Not a fan of Bruce or Sunil, but the reality is that they have very little impact on player development where the US is falling short. Under Klinsmann, they started requiring the most basic coaching license F-license, it's a few hours online. Our players lack technical proficiency and that is cemented at around age 14. The Development academies don't allow their players to play high school, another good step the federation took. But everyone went up in arms. Lots of people argued that that's a better way forward (allowing high school play) in this very thread. I've said it before—at the age our players enter high school, their counterparts enter a professional environment. High school is basically lots of games and that's not where players get better. Plus, the training is focused on preparing for games, not improving the individual players. Then the "best" move to college where they have a 4-month season and contact with coaches.
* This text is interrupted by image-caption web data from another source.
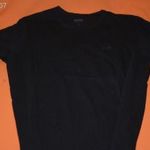 HUGO BOSS EXCLUSIVE NYÁRI PAMUT PÓLÓ NAGYON EXTRA FÉRFI XXL-ES MÉRET fotó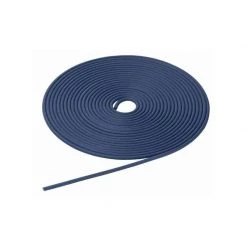 Rail De Guidage & Accessoires BOSCH Bande Adhésive FSN HB - Réf. 1 600 Z00 00E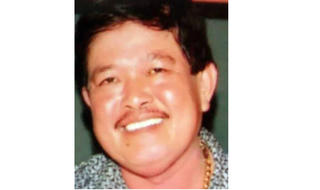 Giết vợ dìm xác rồi chạy trốn, che giấu thân phận đầy bí ẩn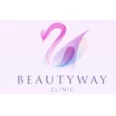 BeautyWay clinic - Москва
At the time they need to be getting more and better training—they get worse and less training. Few believe it, but many of our top kids have the technical ability to match up with counterparts in europe and S. America, but as I mentioned above their soccer education hits a wall.
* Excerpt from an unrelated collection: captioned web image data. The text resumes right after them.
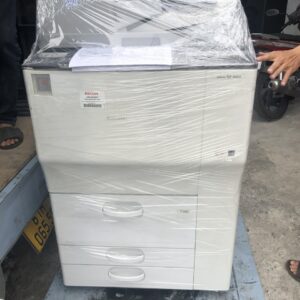z6704846240410 4d0b45e88bdb712604cdb8930ac80d99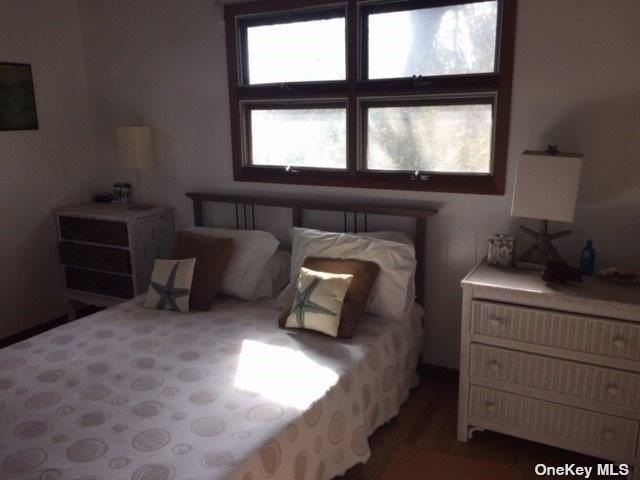 18 Beachwold Ave - Photo 7 of 12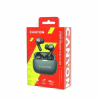 Наушники Canyon TWS-10 OnGo ANC ENC Graphite (CNS-TWS10B) - Image 6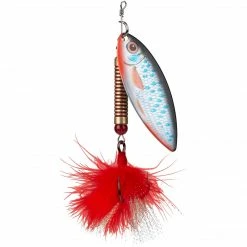 Fox Rage SPINNER UV 9 Fox Rage SPINNER UV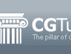 CGtutorials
About 8 years ago, there was a U10 team from California that went to Barca and beat Barca's academy team. One player, the slight Jewish kid (Ben Lederman) and not the many hispanics on the team was signed into their academy—eventually being given the #10 shirt. That's a huge deal. And he's from an affluent family. He is a special player but not the only one in America. His teammates are now with LA Galaxy academy and I believe they beat Man City's academy a few years ago.
Sunil, Bruce, or Klinsmann have nothing to do with Ben Lederman and his teammates. Their coaches are Argentine (ex-pros) who do not adhere to USSF models of development. Klinsmann made an impact because USSF licensing is now way more rigorous in the past (although far from perfect). Sunil and Co. probably had a hand in the DAs which is a step in the right direction.
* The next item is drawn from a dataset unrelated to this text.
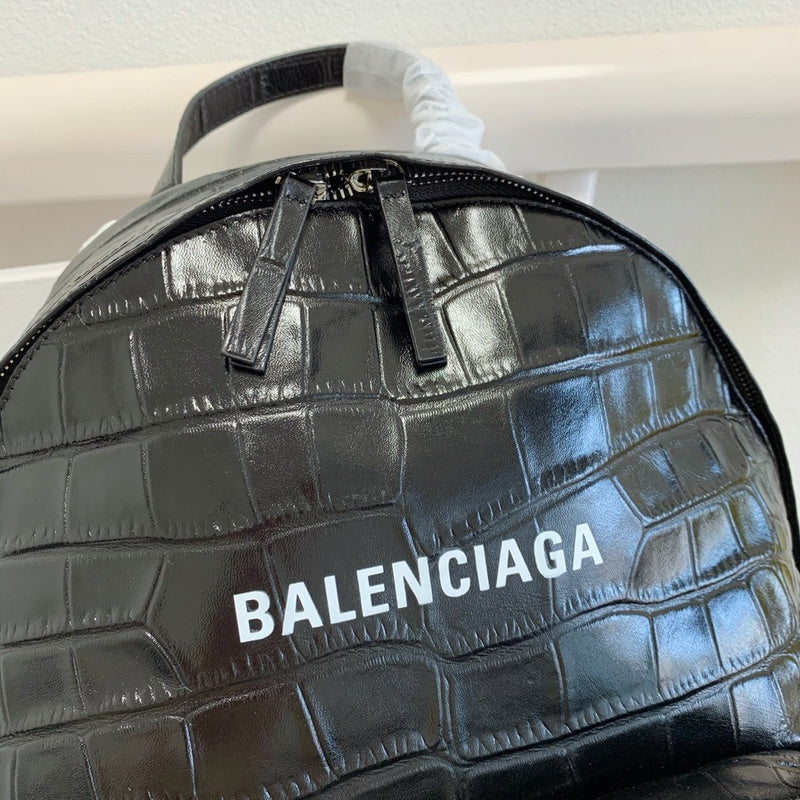 Aura Bags - BGA Bags - 218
The sad truth is that Sunil is not power hungry but, in fact, powerless. If tomorrow, he said all youth teams had to play a 4-3-3 (or age appropriate variant) and play possession soccer and train fundamentals till age 14 and stop keeping score—No one would listen, or more accurately he has no way of enforcing it to the youth system.
Look at Iceland: 330,000 people and they found 25 that can play. We have that many registered players in DC/MD/VA. Talking players only, not inhabitants. Iceland doesn't have an inner city population or Latino population that they use as an excuse for not being better. They took what they had and developed it. It's been true for the Netherlands and you could find 25 players from Rosario, Argentina alone that could crush the USMNT.
The leadership is problematic, the structure of the federation is problematic but they're really not the reason. No national team coach is the reason (senior or U-XX), they have the players for about 2 months a year. "Soft reasons" like culture or unfound inner city/latino are merely excuses. It's about developing better players from the get go. Start with more, accessible, inexpensive, good coaching education. Then de-emphasize the winning at the young ages and bull**** tournaments. But it's hypocritical at times, lots of parents are probably chirping on online message boards about not having better players, but they're the same ones that yank their kids to a new team if the team isn't winning.